A RSE enquanto tema de gestão esgotou portanto sua dinâmica. Os principais benefícios das
políticas de RSE foram certamente um questionamento das práticas de corrupção, mas suas
concretizações tornaram consideravelmente mais pesado o lado processual do funcionamento
da empresa. Este aspecto entrou em combinação multiplicativa com as outras tensões
processuais (por exemplo com as perspectivas da QSMA – qualidade, segurança e meio
ambiente). Ora o peso do lado processual entra em tensão com a eficácia. E, é certamente o
que mais claramente marca o esgotamento interno do tema, esgotamento que leva a colocar
em evidência um outro tema (o risco?), como tema alternativo. E, certamente é o defeito, a
institucionalização da empresa que valida o esgotamento do tema da RSE. Esta
institucionalização pode ser definida como operando no âmbito das mentalidades (com
representações do papel da empresa e suas ligações com a sociedade), aquele dos discursos
(com o modo de falar da RSE), aquele das práticas (especificas da RSE), e das instituições
(aquele que participa da formação dos gerentes, que fazem emergir e que legitimam as normas
da RSE), e aquele dos saberes (sobre a compreensão da RSE).
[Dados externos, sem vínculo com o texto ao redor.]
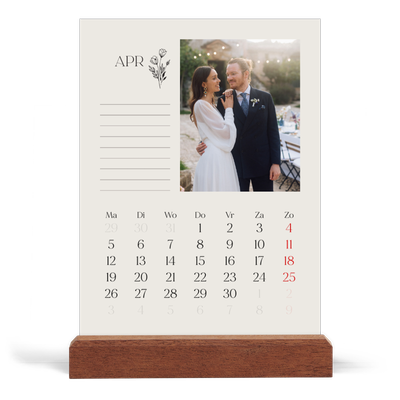 Bureaukalender met houten standaard  — Initialen in bloei [April]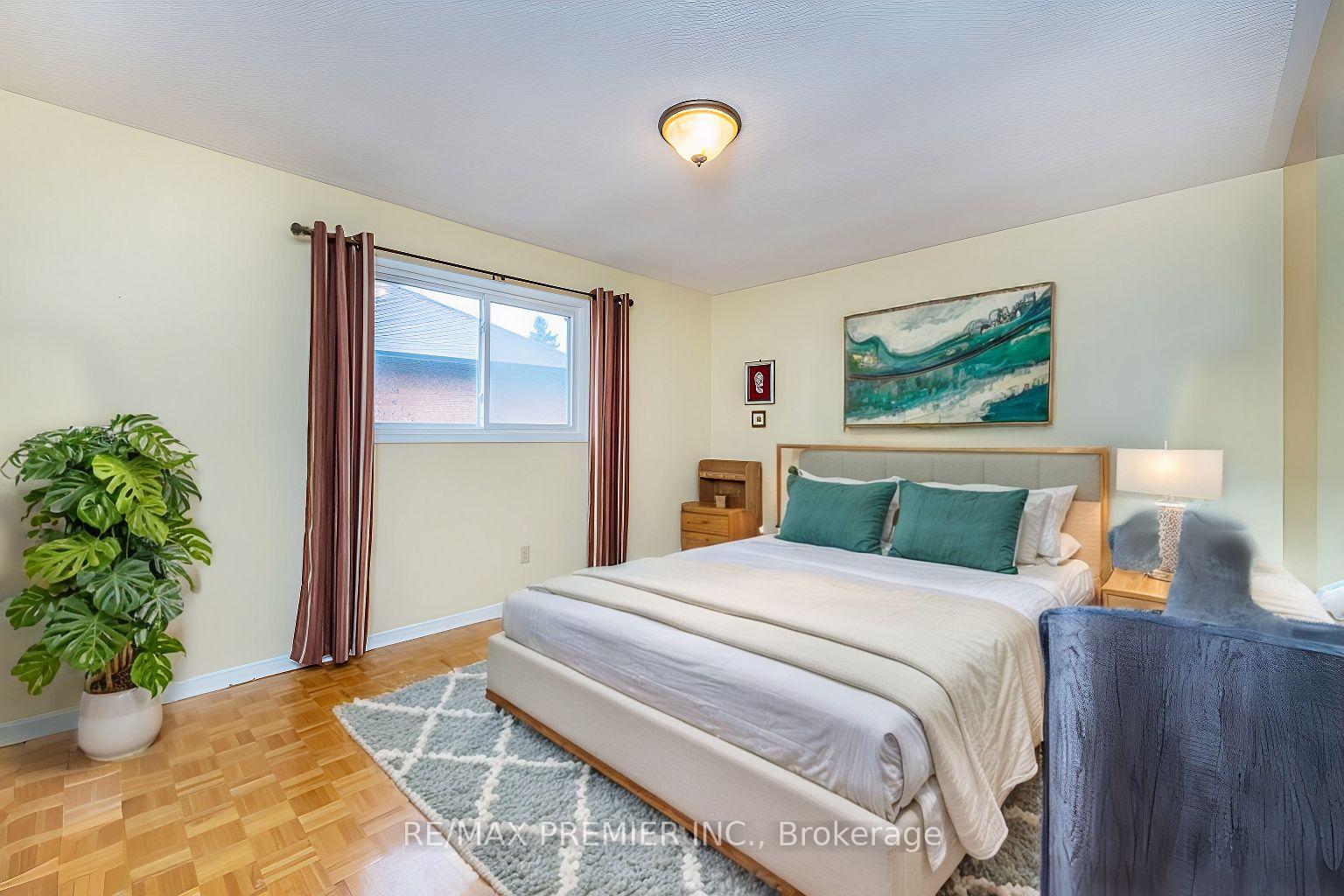 Photo 22 of 35 Cristina Crescent, Vaughan, East Woodbridge — HOMEH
Em função da intervenção da empresa na definição do “bem comum”, o voluntarismo
gerencial foi de certa forma “ultrapassado” por ele mesmo, em sua vocação de propor
substituir uma onisciência da regra estabelecida pelas diretorias das empresas (portanto sem
nenhuma prova de representatividade) à onisciência dos Poderes Públicos em base a um
argumento duplo de utilidade e de eficácia. O tamanho da empresa multinacional e o poder
que é seu (bem como o poder acumulado do grupo constituído por essas empresas)
conduziram, por intermédio das políticas de RSE, a intervir na definição das regras da vida em
sociedade. Mas, em contrapartida, essas mesmas empresas foram interpeladas porque elas não
podem fazer de forma diferente. Tendo-se “substituído” aos Poderes Públicos (por vezes
falho, certamente, como em tal ou tal situação em países em desenvolvimento, por exemplo),
elas acabaram laminando as condições de constituição de um Estado que hoje faz cruelmente
falta. De uma perspectiva “micro” política (com a RSE), passamos sem perceber a uma
perspectiva “macro” política da definição do “bem comum”. O desenvolvimento sustentável
(de dimensão “macro” política) acabou substituindo a RSE (de dimensão “micro” política).
Mas a eclosão das crises, das quais falamos mais acima, somente pode encontrar um início de
resolução mediante as intervenções maciças dos Estados, trazendo assim o tema da RSE à
dimensão da questão na qual se encontrava anteriormente.